Think about the content. If you’re focused on creating quality content with a traditional brand message, Snapchat is likely the better channel. Brands can get creative with Snapchat’s AR and Lens capabilities while still offering built-in (“swipe-up”) features for a more immersive user experience. TikTok content isn’t concerned with aesthetics or how good something looks, which makes it both a challenge and opportunity for brands. To be successful on TikTok, a brand’s content needs resonate with young users while offering the ability to engage with it.
Brand uses cases
TikTok x Chipotle Mexican Grill. Chipotle’s first viral TikTok challenge kicked off in May 2019 after a customer filmed a video doing a lid flip, which Chipotle then posted to Instagram. The post racked up over a million views, prompting the brand to turn to TikTok to invite customers to try the lid flip trick for themselves with a branded hashtag challenge. The #ChipotleLidFlip challenge received over 104 million views, 111,000 video submissions, and over 59,000 participants during the campaign.
TikTok x e.l.f. cosmetics. Makeup brand e.l.f. also found viral success with TikTok’s hashtag challenge format. With over 3 million organic views of the #elfcosmetics hashtag on Tik Tok, the brand developed its own challenge to engage with the creator-driven community. The brand commissioned a made-for-TikTok music track for its #eyeslipsface campaign, prompting users to showcase their e.l.f. makeup looks set to the song.

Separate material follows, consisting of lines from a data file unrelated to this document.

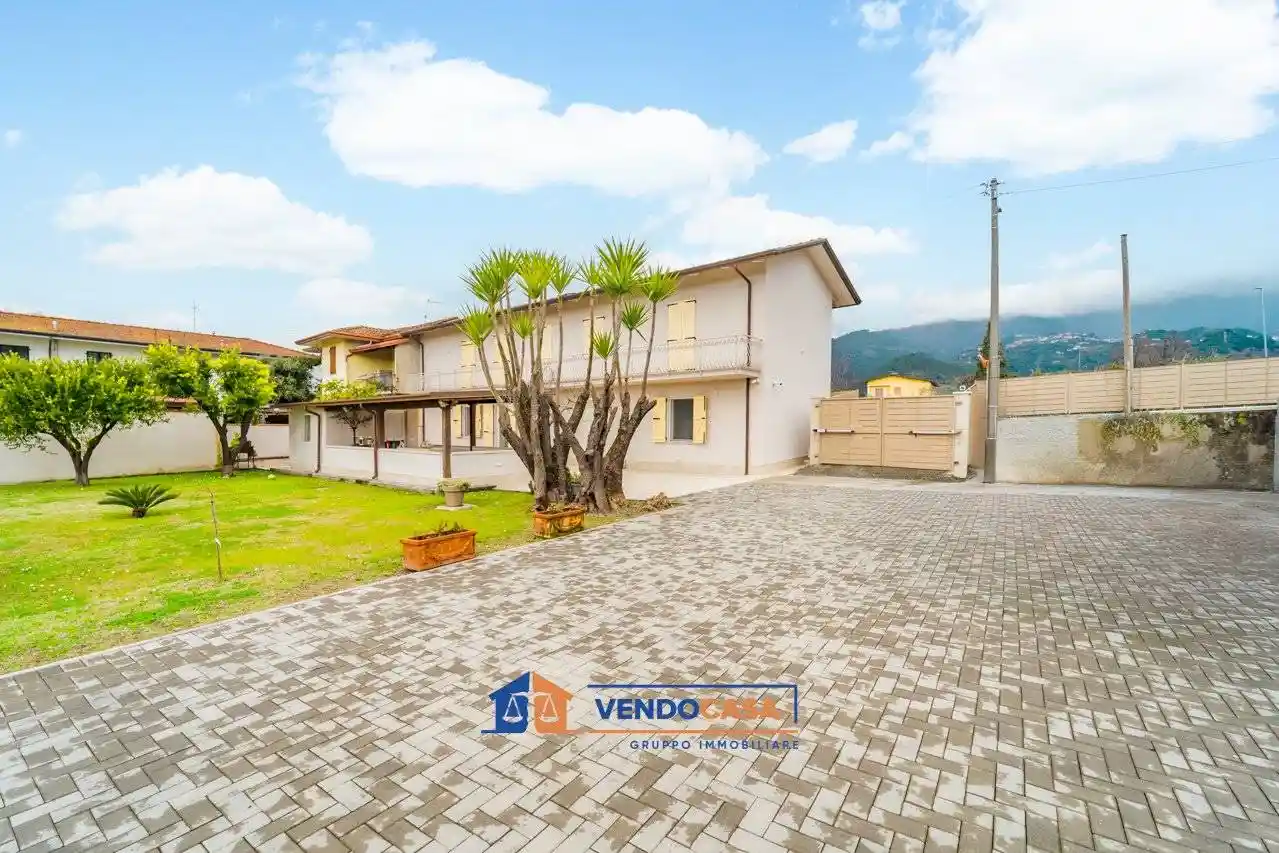 Villa in vendita a Massa
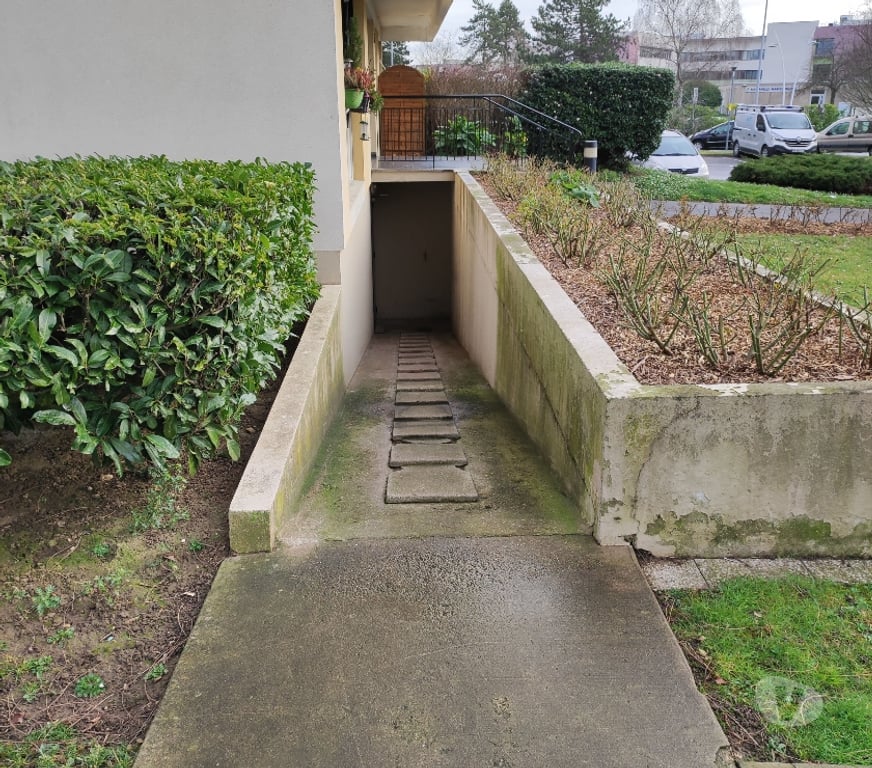 Parkings - Garages Val-de-Marne Chennevieres sur Marne - 94430 - Photos Vivastreet Location local stockage réserve 10 m² accès facile N4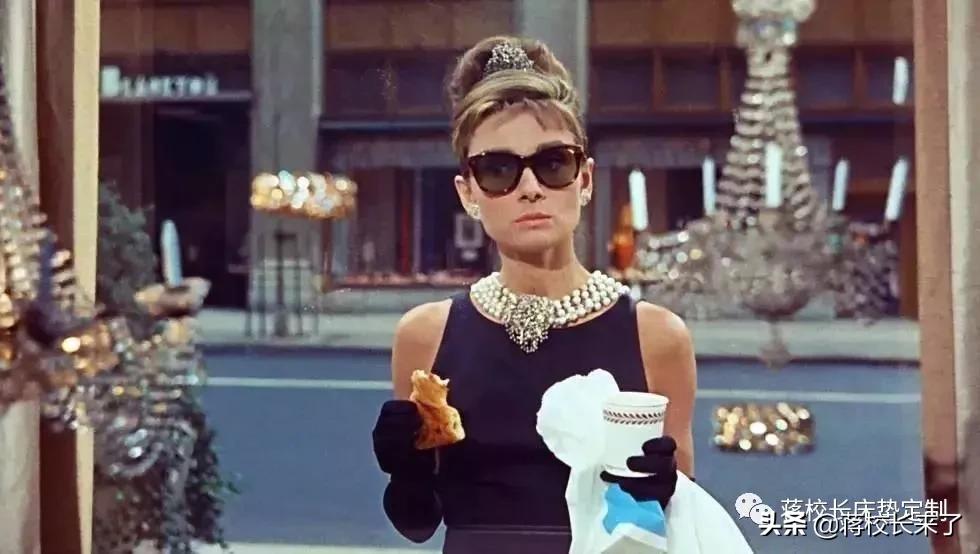 酒店“冷知识”:为何酒店的被子都要压在床垫下面?-高级酒店的被子为什么都塞在床下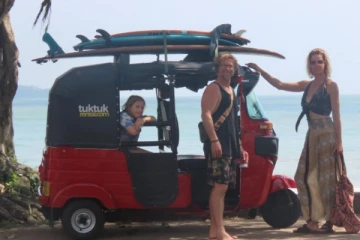 குடும்பத்தினருடன் இலங்கைக்கு வந்த தென்னாப்பிரிக்கா கிரிக்கெட் பிரபலம்!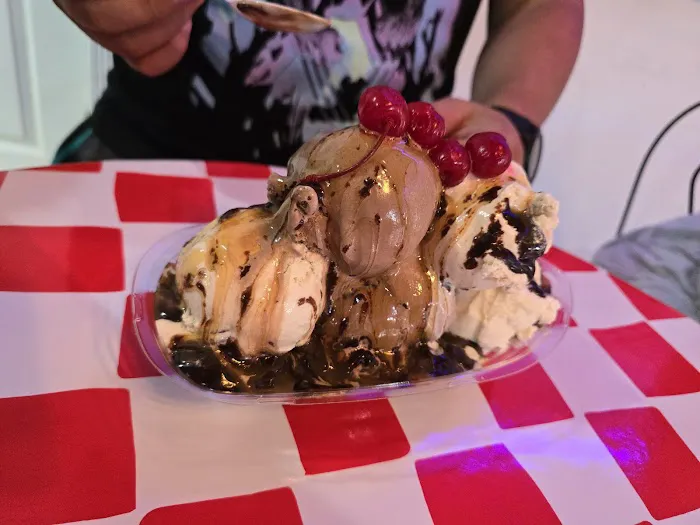 Moo Moo's Ice Cream Joint Picture 10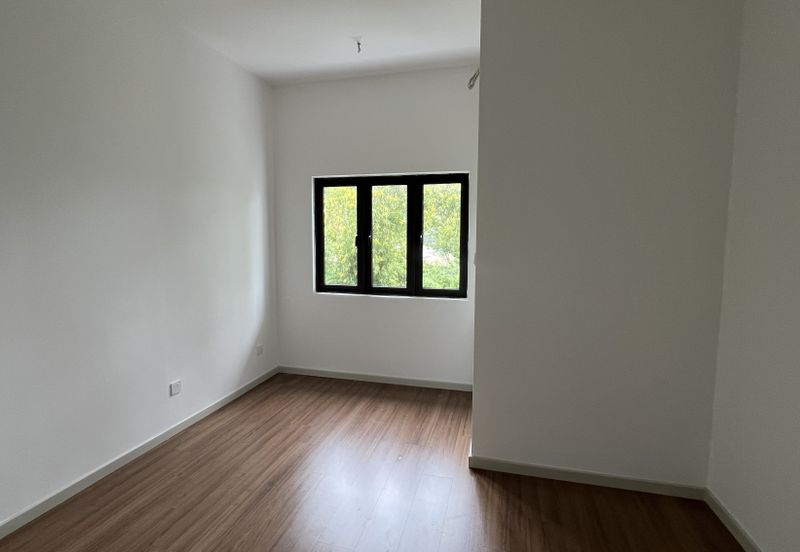 Tilia Encorp Cahaya Alam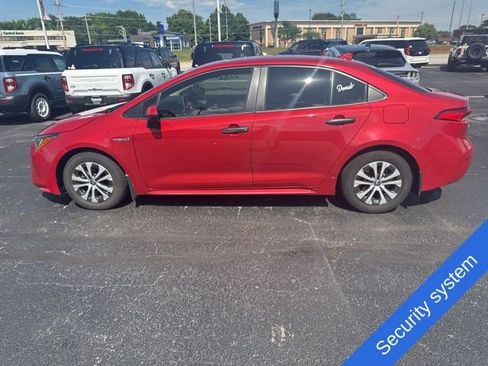 Used 2021 Toyota Corolla LE FWD image 9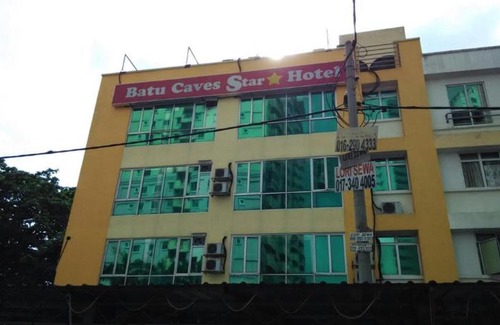 Medan Batu Caves Hotel | OYO 1055 Batu Caves Star Hotel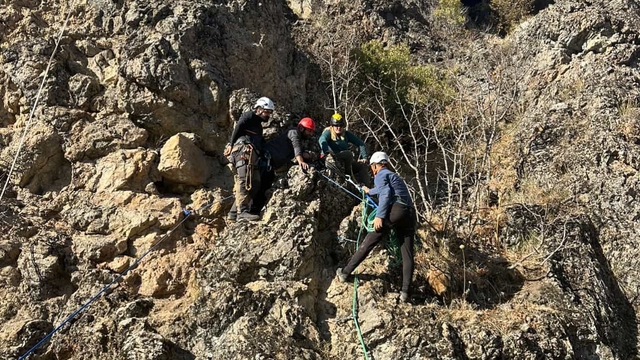 Bingöl'de tek ip boylu kaya tırmanışı eğitimi düzenlendi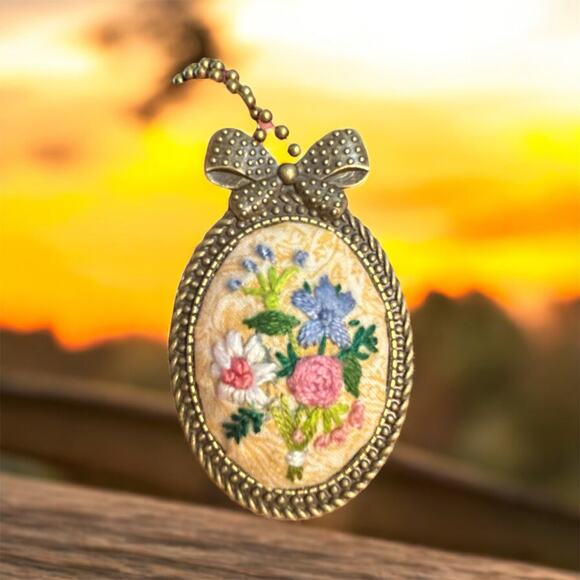 Botanical Embroidery Necklace, Handmade Floral Pendant / Broach - Picture 3 of 4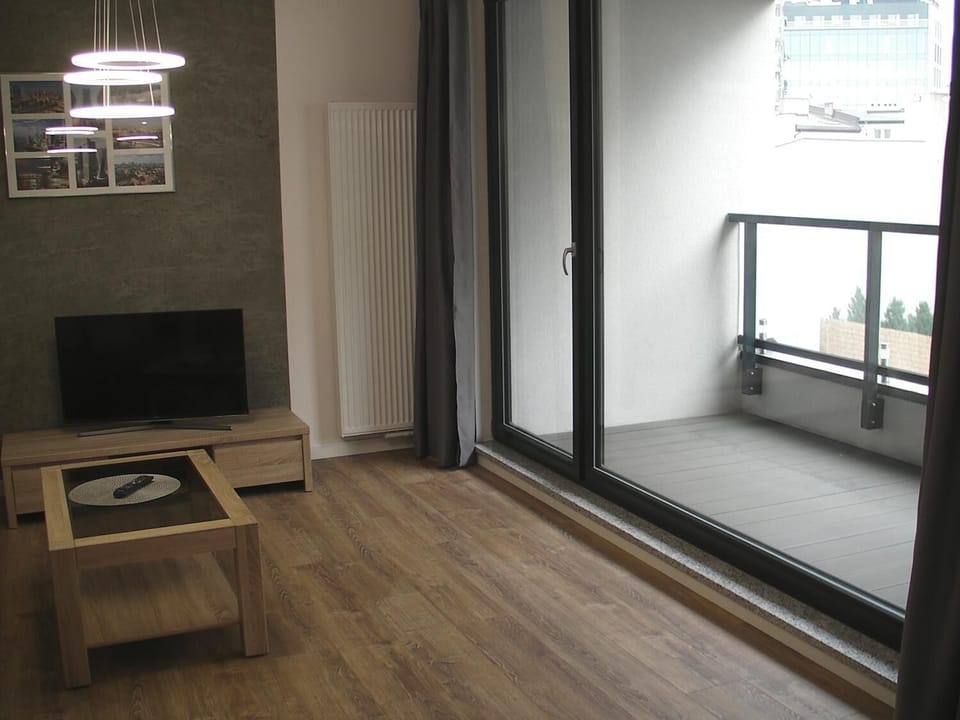 1 bedroom, soundproofing, iron/ironing board, free wired internet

Snapchat x Top Gun: Maverick. In December 2019, Paramount Pictures launched an AR-driven UGC campaign with Snapchat’s Cameos feature, in which users could add creative elements to their shots with digital overlays used to promote the film. Snapchat users who were interested in seeing more promo content from the film had the option to watch the entire 2-minute trailer.
Snapchat x Coca-Cola and McDonalds. Snapchat released “Snapchat Scan” in December 2019, and McDonald’s and Coca-Cola were the first brands to jump on board. The feature offers image-recognition so users can scan logos to unlock AR lenses and content. With Coke and Mcdonalds, users simply had to scan the packaging on their food or beverage to gain access to exclusive branded lenses. It’s a key example of how brands on Snapchat can engage users by blending creative content with elements of the physical world. According to Snap’s product marketing manager Carolina Arguelles, “using Scan in this way offers so many possibilities for brands – from creating fun, shareable moments, to sharing product information or offering a virtual trial.”